OGDC-PetroCanada`s PakCan 1, drilled in 1985-86, went to TD 3,701 m in early Miocene. It flowed 3.8 MMcfd of gas with some condensate on a drillstem test at 2,743-47 m. Several other wells reported gas shows in Miocene and Cretaceous.

In PakCan 1 all samples indicated the presence of Type III kerogen. TOC values indicate fair to good source in the Miocene Gaj formation.

Maturity analysis indicated an immature zone down to 2,800 m and early mature to mature from 2,800 m to TD 3,701 m. However, there is no correlation between the results of the DST and the source rock. The condensate and gases recovered from DST samples are of peak maturity levels. As such these hydrocarbons have migrated from a deeper source.

In Oxy`s Sadaf 1 well TOC values indicate very lean source. Throughout the well the TOC values are below 0.5%. Few values are 0.5-0.6%. The kerogene type is III, thermally immature.

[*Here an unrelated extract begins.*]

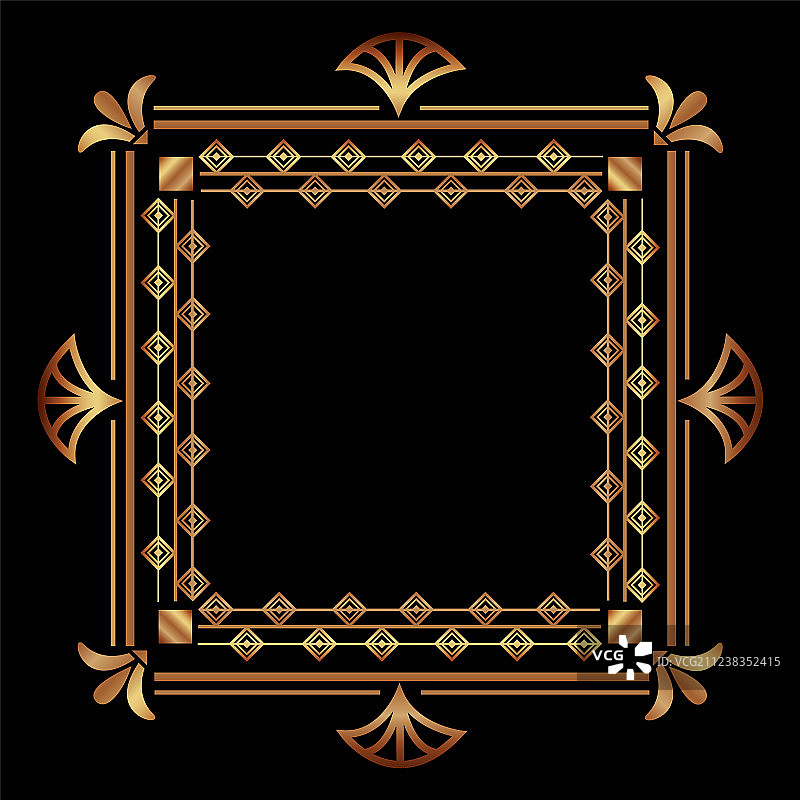 装饰艺术框架和边框图片素材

Geochemical analysis performed on samples from Husky`s Karachi-South A-1 well indicate that the shales of the Kirthar, Ghazij, and Dunghan formations have oil-prone kerogen and are mature for the generation of oil. The TOC values range from 0.46% to 1.6%. The Ranikot and Mughal Kot formations have a mixed type of kerogen with potential for both oil and gas. The TOC values range from 1.0% to 1.22%. Occasionally these are as high as 2.21%. These formations are mature for condensate and gas.

As of fall 1999 Lasmo plc held two large exploration concessions in the Indus offshore west and south of Karachi. Offshore Indus Blocks A and B cover a total of 14,700 sq km.